4. Ante el clima de desconfianza y pánico, los ciudadanos invierten en su propia seguridad el dinero que, de otro modo, podrían gastar en actividades deportivas. Así, el dinero del gimnasio, por ejemplo, termina siendo destinado a la instalación de sistemas de alarma.


5. Una ciudad insegura ofrece muy pocas posibilidades de ser una ciudad “caminable”. La caminata es un ejercicio excelente, pues brinda actividad física y esparcimiento gratuito, distracción y oportunidad de conocer amigos en el barrio y con ello fortalecer la cohesión social. Pero, ¿quién se arriesga a caminar, si puede ser violado o asesinado? ¿Quién se atreve a salir a la calle, buscando un buen ejercicio aeróbico, cuando puede ser víctima del hampa?

El imperio del mal afecta el turismo. ¿Cómo puede ser atractiva una ciudad en donde se puede encontrar la muerte con facilidad? Y, si hacemos cuentas, ¿cuánto dinero pierde Bogotá, con cada noticia negativa (homicidios, delitos sexuales, secuestro, asalto) que llega al extranjero? Un montón. ¿Cómo pretendemos que los turistas (tanto nacionales como extranjeros) visiten la capital colombiana, si no se les ofrecen suficientes garantías?

La inseguridad debilita las instituciones. Es un monstruo que carcome la sociedad desde dentro, minando su confianza, boicoteando su estructura, atacando sus integrantes. La inseguridad genera miedo, más violencia, y con ello más pobreza y atraso social.

Y lo más importante: el clima de inseguridad debilita el sentido de pertenencia del bogotano. Y es algo lógico y esperable. Aunque no debiera ser así, la verdad es que los ciudadanos tienden a querer menos una ciudad que persiguen como amenazante y plagada de peligros. El miedo (ante la posibilidad de que algo ocurra) y la desilusión (al convertirse en víctima impotente de los malhechores) hacen que el bogotano, tristemente, se sienta menos identificado con su ciudad. Y este fenómeno genera cosas terribles: ya no importa el papel que se arroja al piso, ni la señal de tránsito que se ignora, ni la flor recién sembrada en el parque. Ya no importa nada. Y no es una exageración: ya lo estamos viviendo, y no sólo en Bogotá. El ciudadano no se siente adentro, sino alienado en la ciudad, excluído y víctima, y empieza a “desquitarse” adoptando actitudes incivilizadas, cuando no vandálicas.

Ahora bien, ¿qué espera la ciudadanía?
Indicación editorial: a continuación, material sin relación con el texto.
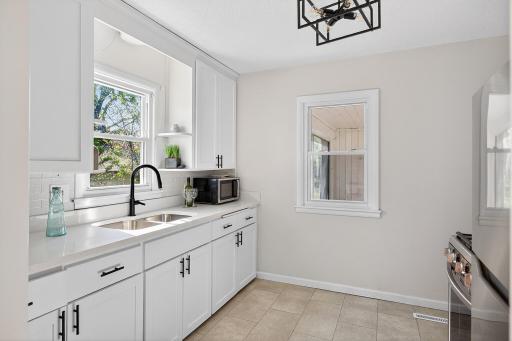 Modern white kitchen with Quartz countertops and SS appliances.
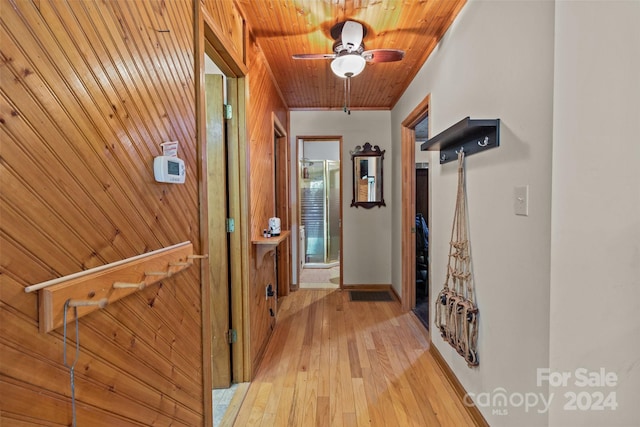 hall with wood walls, light wood-type flooring, and wooden ceiling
El alcalde continuará saqueando el tesoro público y engordando sus bolsillos a costa del sudor de los trabajadores. Ediles, concejales y funcionarios seguirán durmiendo en sus laureles, pensando en sí mismos, completamente ajenos a su verdadera función de servidores públicos. Si seguimos así, en pocos años tendremos una Bogotá salvaje, invivible, violenta y lúgubre. Y no queremos eso. La ciudadanía debe movilizarse hacia el cambio. La indiferencia conducirá al abismo; la participación de la gente buena, por el contrario, salvará a Bogotá de la debacle.